发起选举的场景：当 follwer 在（随机化的）election timeout 时间内没有收到来自 leader 的心跳，则 follower 变为 candidate，并启动新一轮的选举。

在这轮选举中，candidate 先给自己投一票，并自增当前任期，随后向其他 follower 发起向自己投票的 rpc

投票规则：

如果 Candidate 的任期小于自己的当前任期，直接拒绝。
如果自己尚未投票给该任期内的其他 Candidate，且 Candidate 的日志至少和自己一样新（lastLogTerm 和 lastLogIndex 检查），则同意投票。
每个节点在一个任期内只能投一次票（先到先得）。

每条日志包括 index，term，以及一条状态机指令（记录对于系统状态或变量的修改）

term：标记 leader 的一个任期
index：日志条目编号

当 leader 选出后，对于每条客户端当请求，会将其作为日志条目，然后向所有 follower 发起 AppendEntries RPC 复制日志条目。当这条日志被复制到 N/2 + 1 ji以上的 follower 确认接收后，leader 提交这条日志，并通知 followers 提交

在提交完成后，就会执行状态修改

http 访问命令¶

# 启用 player 服务维护模式
curl -X PUT "http://localhost:8500/v1/agent/service/maintenance/service-id?enable=true&reason=player-service-maintenance"

# 验证 player 服务维护状态
curl http://localhost:8500/v1/agent/service/maintenance/player-172.16.0.13-8040

# 禁用 player 服务维护模式
curl -X PUT "http://localhost:8500/v1/agent/service/maintenance/service-id?enable=false"

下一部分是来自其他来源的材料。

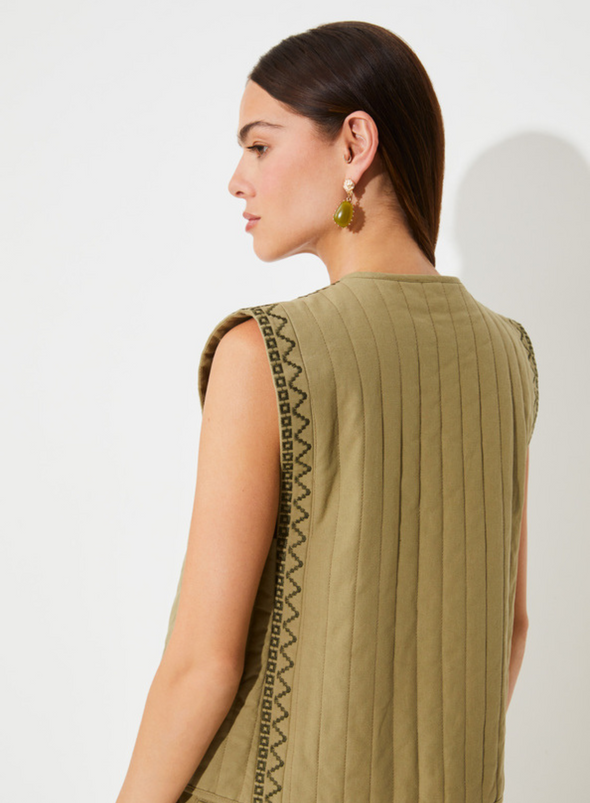 Diamond Tie Front Gilet in Khaki from Suncoo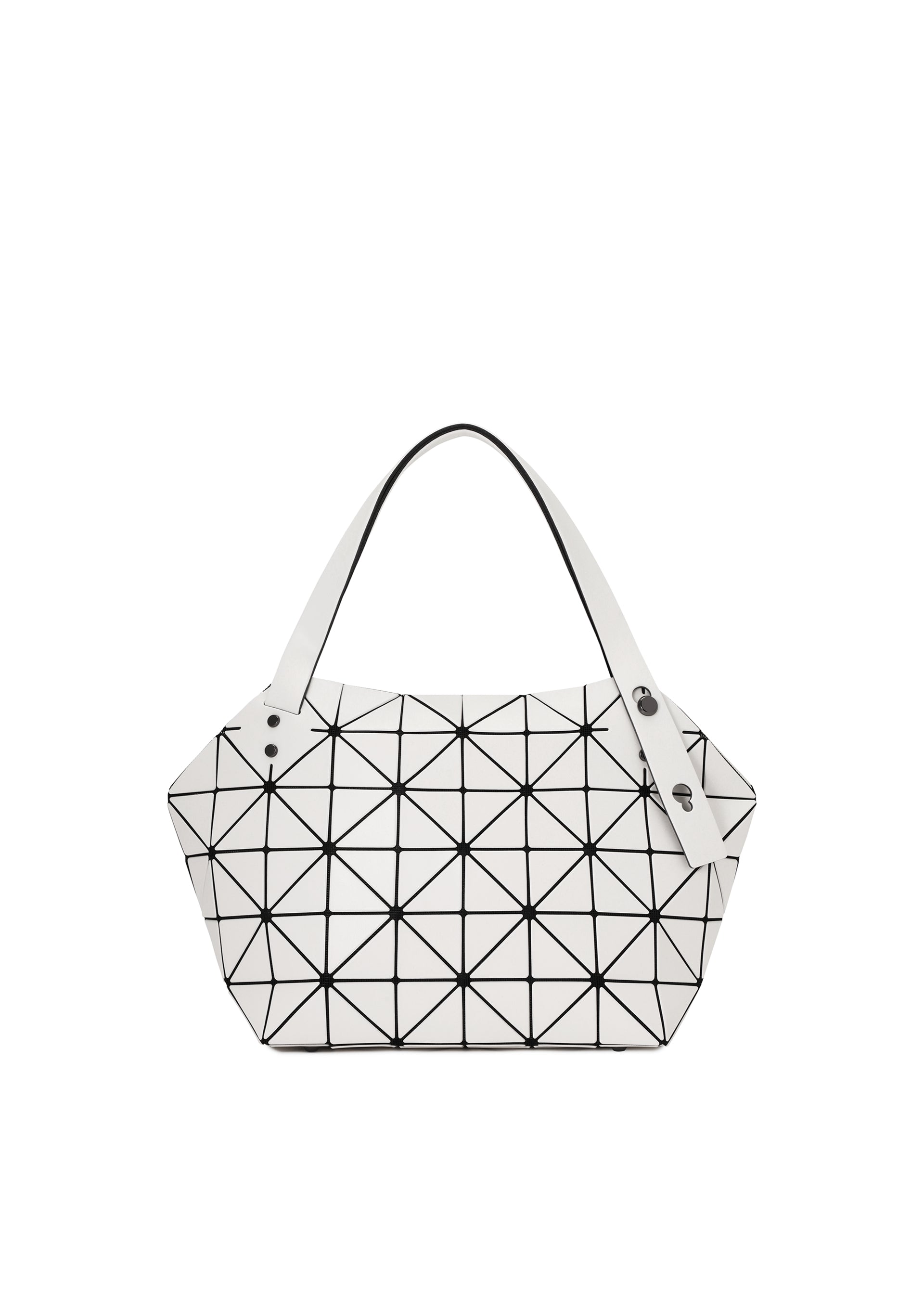 A product shot of the BAO BAO ISSEY MIYAKE BOSTON hand bag in off white.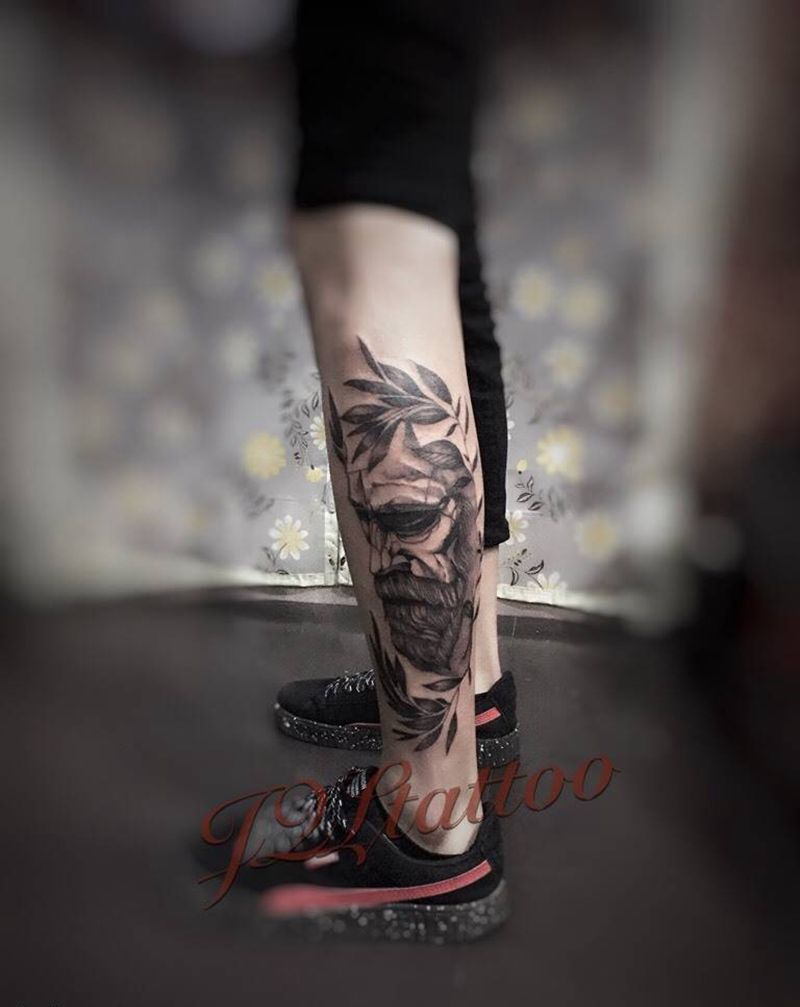 完成纹身图片_腿部纹身图案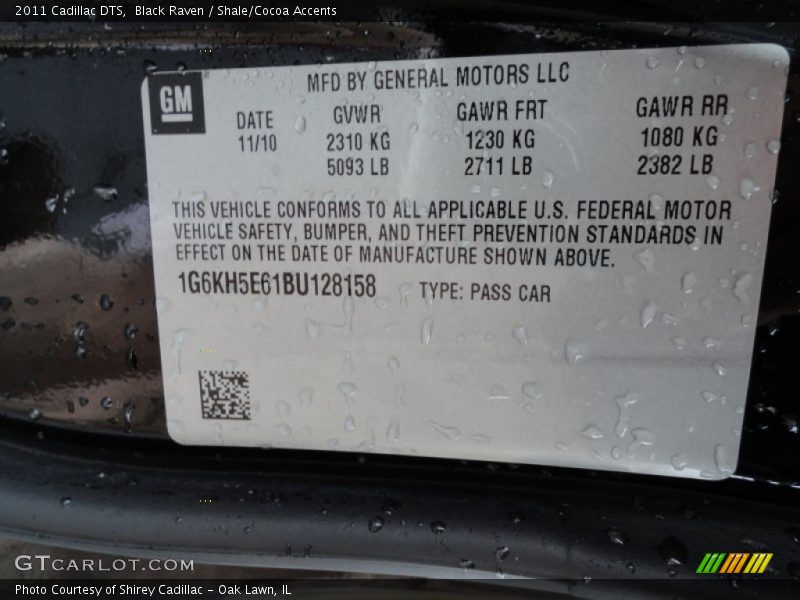 Black Raven / Shale/Cocoa Accents 2011 Cadillac DTS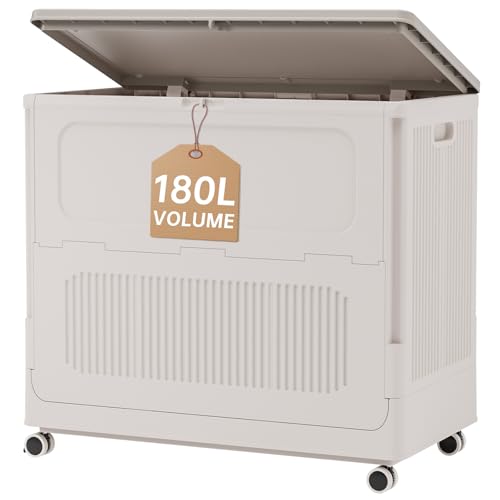 Extra Large Laundry Hamper with Lid Wheels 180L - color: Milky, size: 180L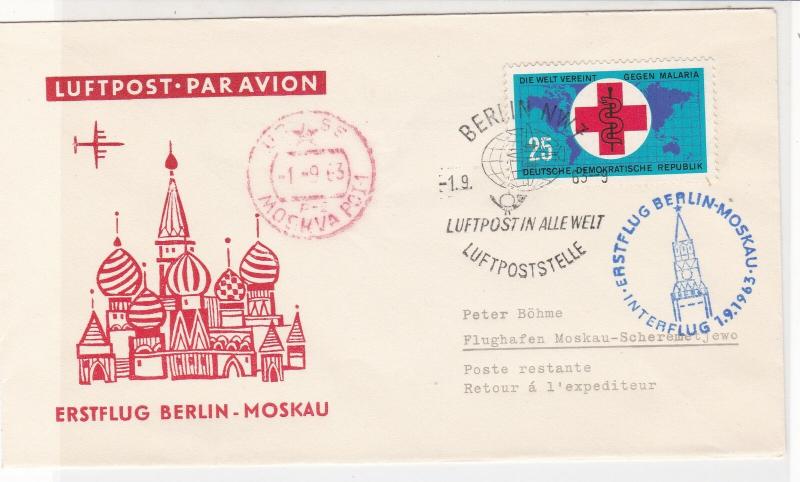 DDR 1963 1st Flight Berlin-Moscow Interflight Slogan Cancel Stamps Cover Rf26611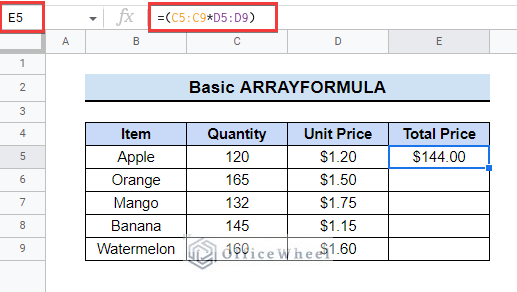 Applying Basic ARRAYFORMULA Function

这里的 service-id 区别于 service-name，标注了具体的服务名称

# 查看本节点的所有服务
curl http://localhost:8500/v1/agent/services | jq '.'

# 查看服务的详细信息
curl http://localhost:8500/v1/agent/services | jq 'to_entries[] | {name: .key, service: .value.Service, port: .value.Port, address: .value.Address}'